GIVEN DATA >>
········

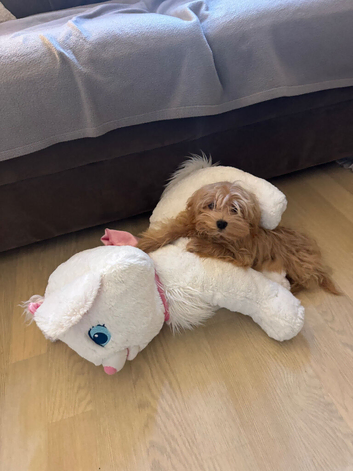 Korean Maltipoo's tiny 1 boy remaining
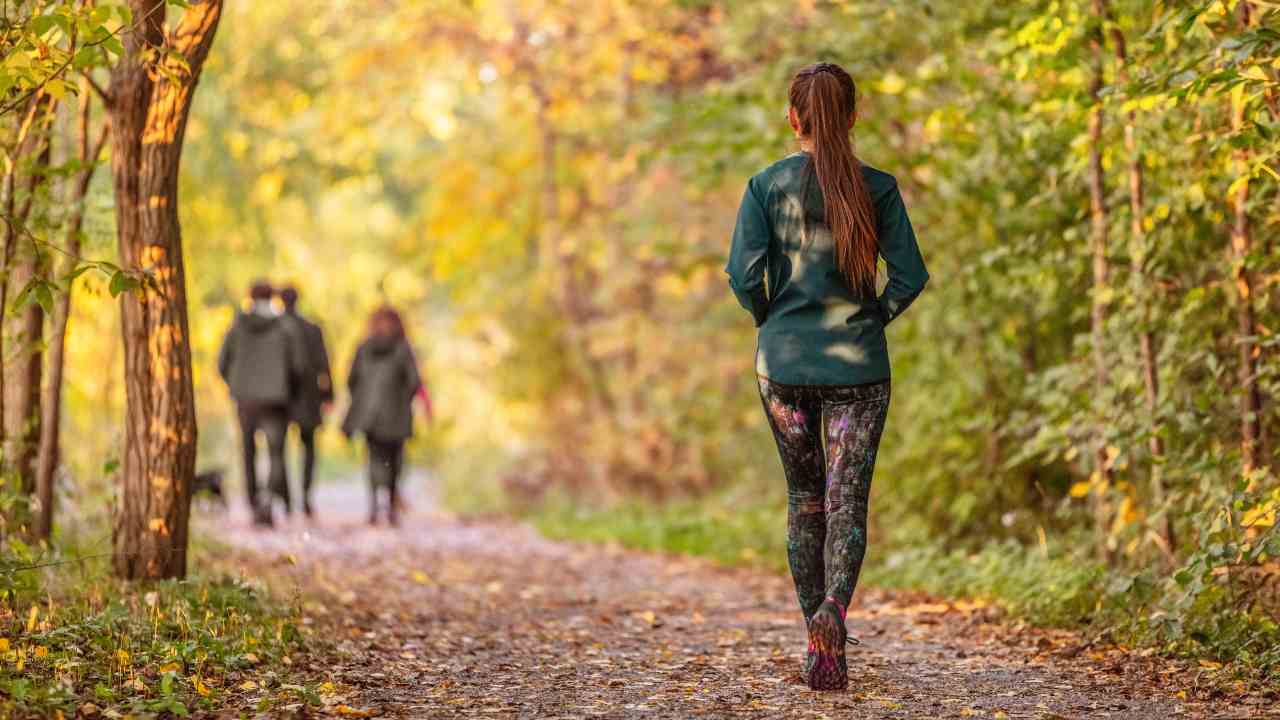 Passeggiate d'autunno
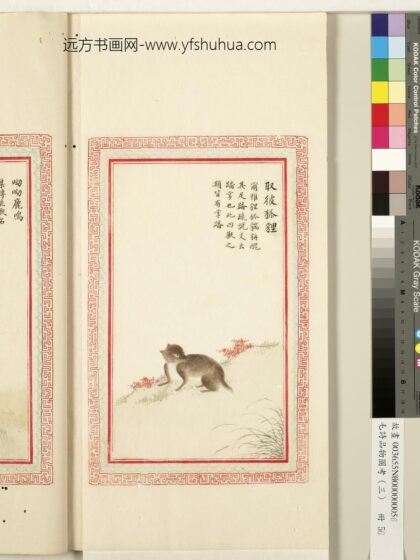 毛诗品物图考（三）册 取彼狐狸 1.jpg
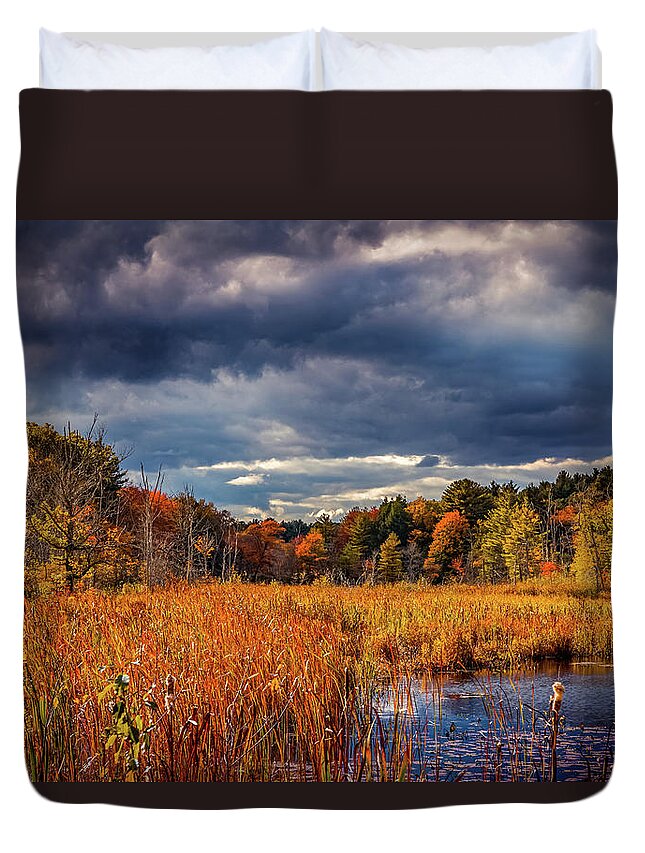 Colors Of Autumn Duvet Cover featuring the photograph Autumn beauty 7 by Lilia S
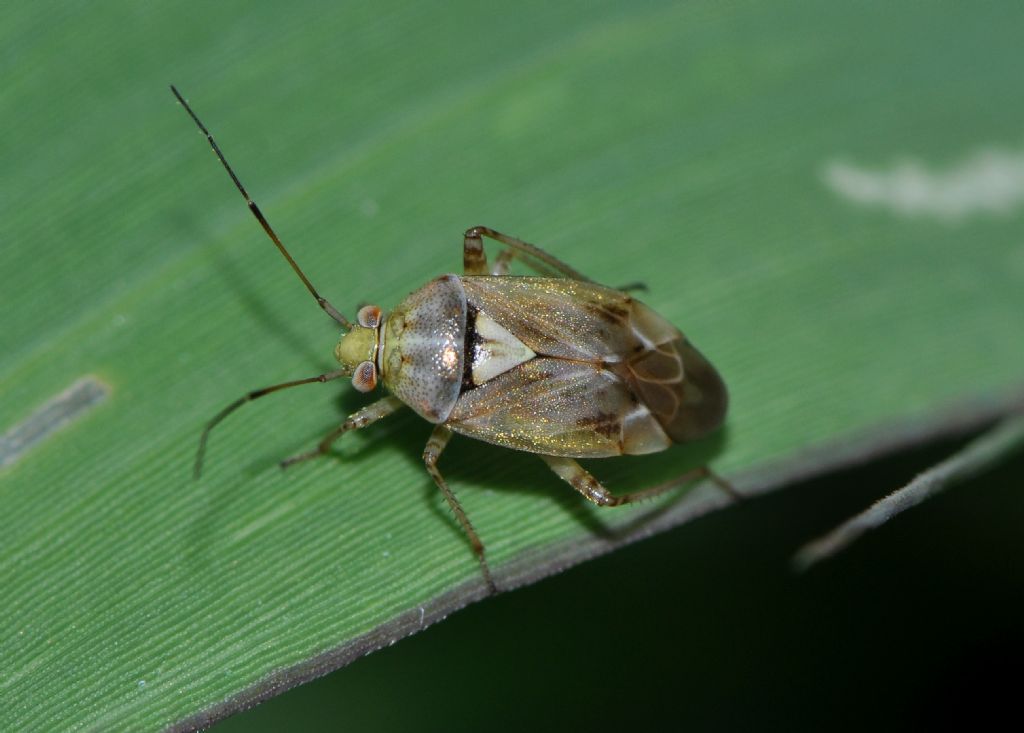 Miridae: Lygus gemellatus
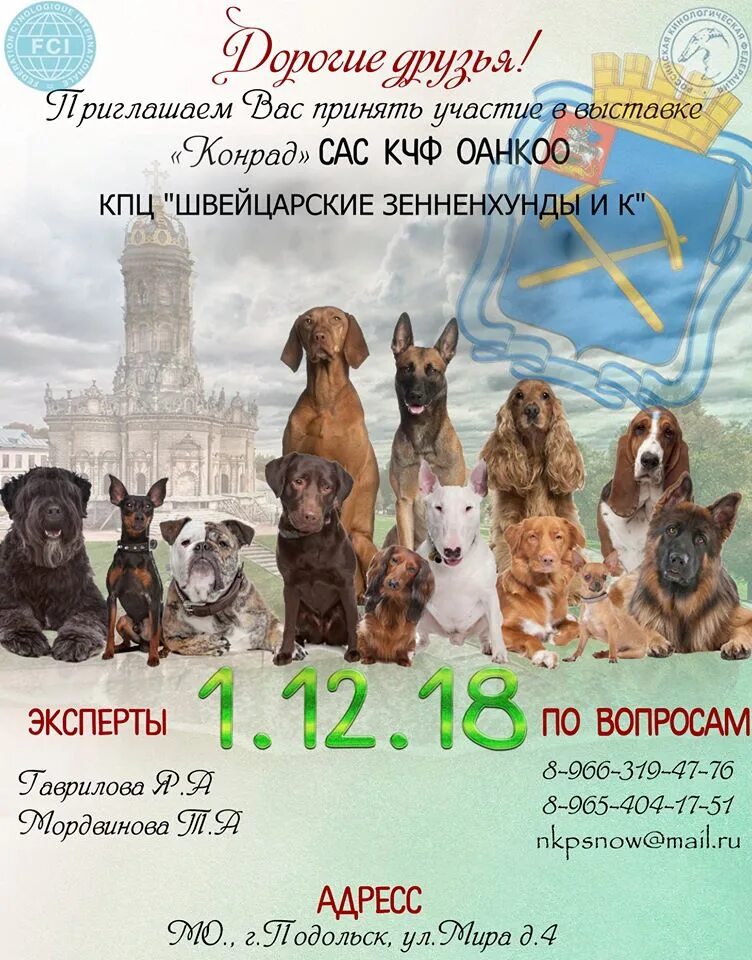 Выставка собак в Тамбове декабрь 2018 год.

········

TASK DETAILS >>
Print every entry exactly. Pictures are not part of the copy.

FINISHED EXERCISE >>
 Korean Maltipoo's tiny 1 boy remaining
 Passeggiate d'autunno
 毛诗品物图考（三）册 取彼狐狸 1.jpg
 Colors Of Autumn Duvet Cover featuring the photograph Autumn beauty 7 by Lilia S
 Miridae: Lygus gemellatus
 Выставка собак в Тамбове декабрь 2018 год.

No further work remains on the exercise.